**Data supplied**.
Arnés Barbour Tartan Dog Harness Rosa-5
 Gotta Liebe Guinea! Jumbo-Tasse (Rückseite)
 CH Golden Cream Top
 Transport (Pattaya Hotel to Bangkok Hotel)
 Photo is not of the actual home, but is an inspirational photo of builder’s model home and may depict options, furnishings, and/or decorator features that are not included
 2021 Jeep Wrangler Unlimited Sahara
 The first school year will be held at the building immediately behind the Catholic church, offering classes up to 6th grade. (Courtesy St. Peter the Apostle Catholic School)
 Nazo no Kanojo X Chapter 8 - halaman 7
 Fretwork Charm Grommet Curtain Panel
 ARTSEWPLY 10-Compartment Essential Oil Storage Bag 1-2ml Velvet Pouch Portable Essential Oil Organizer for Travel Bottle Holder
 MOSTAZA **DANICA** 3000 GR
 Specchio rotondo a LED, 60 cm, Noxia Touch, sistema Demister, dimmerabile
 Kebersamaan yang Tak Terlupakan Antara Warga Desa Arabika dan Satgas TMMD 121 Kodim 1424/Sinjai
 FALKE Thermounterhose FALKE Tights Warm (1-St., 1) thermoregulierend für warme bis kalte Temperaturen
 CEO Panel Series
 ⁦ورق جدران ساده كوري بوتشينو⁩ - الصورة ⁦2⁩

**Instructions to follow**.
Please print exactly the lines from the one containing "CH Golden Cream Top" through the last line of the records, both included, and nothing else.

**Solution for this exercise**.
 CH Golden Cream Top
 Transport (Pattaya Hotel to Bangkok Hotel)
 Photo is not of the actual home, but is an inspirational photo of builder’s model home and may depict options, furnishings, and/or decorator features that are not included
 2021 Jeep Wrangler Unlimited Sahara
 The first school year will be held at the building immediately behind the Catholic church, offering classes up to 6th grade. (Courtesy St. Peter the Apostle Catholic School)
 Nazo no Kanojo X Chapter 8 - halaman 7
 Fretwork Charm Grommet Curtain Panel
 ARTSEWPLY 10-Compartment Essential Oil Storage Bag 1-2ml Velvet Pouch Portable Essential Oil Organizer for Travel Bottle Holder
 MOSTAZA **DANICA** 3000 GR
 Specchio rotondo a LED, 60 cm, Noxia Touch, sistema Demister, dimmerabile
 Kebersamaan yang Tak Terlupakan Antara Warga Desa Arabika dan Satgas TMMD 121 Kodim 1424/Sinjai
 FALKE Thermounterhose FALKE Tights Warm (1-St., 1) thermoregulierend für warme bis kalte Temperaturen
 CEO Panel Series
 ⁦ورق جدران ساده كوري بوتشينو⁩ - الصورة ⁦2⁩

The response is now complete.